Filter these entries, keeping only lines that hold the word "Printed".

[Records from a collection]
•••
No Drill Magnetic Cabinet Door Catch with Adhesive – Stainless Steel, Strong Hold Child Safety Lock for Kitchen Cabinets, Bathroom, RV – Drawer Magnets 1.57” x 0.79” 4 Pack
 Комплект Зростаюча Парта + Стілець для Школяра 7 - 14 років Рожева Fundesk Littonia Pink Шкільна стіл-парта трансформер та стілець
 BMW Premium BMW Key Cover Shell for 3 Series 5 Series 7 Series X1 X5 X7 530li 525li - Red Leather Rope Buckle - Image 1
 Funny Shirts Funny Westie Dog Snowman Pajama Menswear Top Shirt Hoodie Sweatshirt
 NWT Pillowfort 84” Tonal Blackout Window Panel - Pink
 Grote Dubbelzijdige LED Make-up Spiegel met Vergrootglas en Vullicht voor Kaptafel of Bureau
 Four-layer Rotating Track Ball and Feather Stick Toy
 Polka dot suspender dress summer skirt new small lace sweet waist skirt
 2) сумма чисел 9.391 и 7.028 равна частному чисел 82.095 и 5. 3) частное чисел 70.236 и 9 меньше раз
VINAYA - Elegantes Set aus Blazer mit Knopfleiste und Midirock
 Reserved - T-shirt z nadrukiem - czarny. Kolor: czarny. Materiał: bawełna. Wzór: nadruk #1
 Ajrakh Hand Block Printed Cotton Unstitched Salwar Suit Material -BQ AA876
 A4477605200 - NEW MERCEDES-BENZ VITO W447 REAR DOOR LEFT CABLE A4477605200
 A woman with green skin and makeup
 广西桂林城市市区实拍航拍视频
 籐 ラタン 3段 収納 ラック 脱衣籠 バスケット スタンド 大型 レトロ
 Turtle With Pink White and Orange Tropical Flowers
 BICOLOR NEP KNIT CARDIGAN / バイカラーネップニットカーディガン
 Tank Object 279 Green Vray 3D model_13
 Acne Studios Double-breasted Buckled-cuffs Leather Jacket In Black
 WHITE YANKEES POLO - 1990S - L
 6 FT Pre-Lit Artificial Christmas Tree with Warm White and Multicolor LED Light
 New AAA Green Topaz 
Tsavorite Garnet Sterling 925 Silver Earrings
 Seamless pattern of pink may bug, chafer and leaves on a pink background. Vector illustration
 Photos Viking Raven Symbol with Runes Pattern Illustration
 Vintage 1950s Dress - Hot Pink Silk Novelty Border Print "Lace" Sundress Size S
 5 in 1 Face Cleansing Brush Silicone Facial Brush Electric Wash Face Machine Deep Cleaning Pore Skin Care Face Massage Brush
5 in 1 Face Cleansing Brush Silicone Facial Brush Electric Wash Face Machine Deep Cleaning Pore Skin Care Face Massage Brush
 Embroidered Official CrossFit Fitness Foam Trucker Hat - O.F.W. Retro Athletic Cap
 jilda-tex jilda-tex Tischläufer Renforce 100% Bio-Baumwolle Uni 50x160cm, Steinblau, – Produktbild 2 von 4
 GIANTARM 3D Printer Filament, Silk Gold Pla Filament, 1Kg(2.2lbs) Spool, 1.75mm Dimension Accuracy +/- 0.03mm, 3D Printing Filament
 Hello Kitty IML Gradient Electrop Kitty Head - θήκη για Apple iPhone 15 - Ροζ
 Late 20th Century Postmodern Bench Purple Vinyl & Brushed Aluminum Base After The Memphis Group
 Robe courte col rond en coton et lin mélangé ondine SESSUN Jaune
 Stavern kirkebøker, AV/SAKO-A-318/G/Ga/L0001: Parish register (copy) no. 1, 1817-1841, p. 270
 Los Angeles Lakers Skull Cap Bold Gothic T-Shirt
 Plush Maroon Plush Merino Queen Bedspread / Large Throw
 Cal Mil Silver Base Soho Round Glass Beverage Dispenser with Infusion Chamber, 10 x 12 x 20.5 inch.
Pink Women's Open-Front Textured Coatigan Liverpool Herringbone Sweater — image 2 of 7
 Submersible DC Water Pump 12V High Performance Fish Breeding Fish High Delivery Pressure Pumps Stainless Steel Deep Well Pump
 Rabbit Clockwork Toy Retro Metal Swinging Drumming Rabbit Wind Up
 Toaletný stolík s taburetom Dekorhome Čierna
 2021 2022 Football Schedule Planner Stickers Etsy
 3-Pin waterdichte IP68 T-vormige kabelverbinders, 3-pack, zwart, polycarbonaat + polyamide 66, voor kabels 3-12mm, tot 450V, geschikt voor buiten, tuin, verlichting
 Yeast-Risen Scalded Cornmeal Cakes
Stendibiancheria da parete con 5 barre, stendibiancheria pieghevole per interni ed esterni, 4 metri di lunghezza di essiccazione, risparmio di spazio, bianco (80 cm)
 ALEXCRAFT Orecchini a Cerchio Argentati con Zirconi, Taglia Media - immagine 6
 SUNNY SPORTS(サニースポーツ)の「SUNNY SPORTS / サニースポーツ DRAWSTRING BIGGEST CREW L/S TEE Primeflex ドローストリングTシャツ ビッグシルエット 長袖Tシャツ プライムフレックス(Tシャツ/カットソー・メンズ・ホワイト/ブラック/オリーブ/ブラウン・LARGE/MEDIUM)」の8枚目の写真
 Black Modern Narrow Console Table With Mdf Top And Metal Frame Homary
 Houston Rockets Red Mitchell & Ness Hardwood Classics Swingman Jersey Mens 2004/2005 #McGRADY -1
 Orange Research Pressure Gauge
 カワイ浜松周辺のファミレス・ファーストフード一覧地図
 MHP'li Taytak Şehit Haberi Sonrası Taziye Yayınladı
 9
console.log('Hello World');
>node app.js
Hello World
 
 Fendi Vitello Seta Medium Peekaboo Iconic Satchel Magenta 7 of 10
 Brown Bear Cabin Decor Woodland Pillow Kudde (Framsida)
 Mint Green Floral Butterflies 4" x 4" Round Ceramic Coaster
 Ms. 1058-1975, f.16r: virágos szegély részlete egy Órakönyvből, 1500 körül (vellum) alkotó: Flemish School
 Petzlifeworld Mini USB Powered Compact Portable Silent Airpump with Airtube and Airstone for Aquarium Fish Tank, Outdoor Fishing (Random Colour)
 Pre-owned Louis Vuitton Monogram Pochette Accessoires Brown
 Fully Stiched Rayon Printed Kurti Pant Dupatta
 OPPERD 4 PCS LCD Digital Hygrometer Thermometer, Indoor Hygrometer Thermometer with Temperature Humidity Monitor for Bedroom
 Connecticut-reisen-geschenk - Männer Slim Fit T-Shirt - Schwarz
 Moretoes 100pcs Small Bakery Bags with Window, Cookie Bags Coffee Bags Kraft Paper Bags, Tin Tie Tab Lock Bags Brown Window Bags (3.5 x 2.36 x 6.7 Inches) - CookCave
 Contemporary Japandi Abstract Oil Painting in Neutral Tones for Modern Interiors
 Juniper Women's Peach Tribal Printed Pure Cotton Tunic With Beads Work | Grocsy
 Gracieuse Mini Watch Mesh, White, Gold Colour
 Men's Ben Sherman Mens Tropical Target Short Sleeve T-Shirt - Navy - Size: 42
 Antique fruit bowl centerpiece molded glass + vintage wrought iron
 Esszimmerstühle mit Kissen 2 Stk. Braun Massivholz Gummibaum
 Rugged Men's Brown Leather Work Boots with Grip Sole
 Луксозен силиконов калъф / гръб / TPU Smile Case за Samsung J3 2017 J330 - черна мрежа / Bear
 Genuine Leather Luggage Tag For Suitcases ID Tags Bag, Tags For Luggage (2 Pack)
•••
Problem solution:
 Ajrakh Hand Block Printed Cotton Unstitched Salwar Suit Material -BQ AA876
 Fully Stiched Rayon Printed Kurti Pant Dupatta
 Juniper Women's Peach Tribal Printed Pure Cotton Tunic With Beads Work | Grocsy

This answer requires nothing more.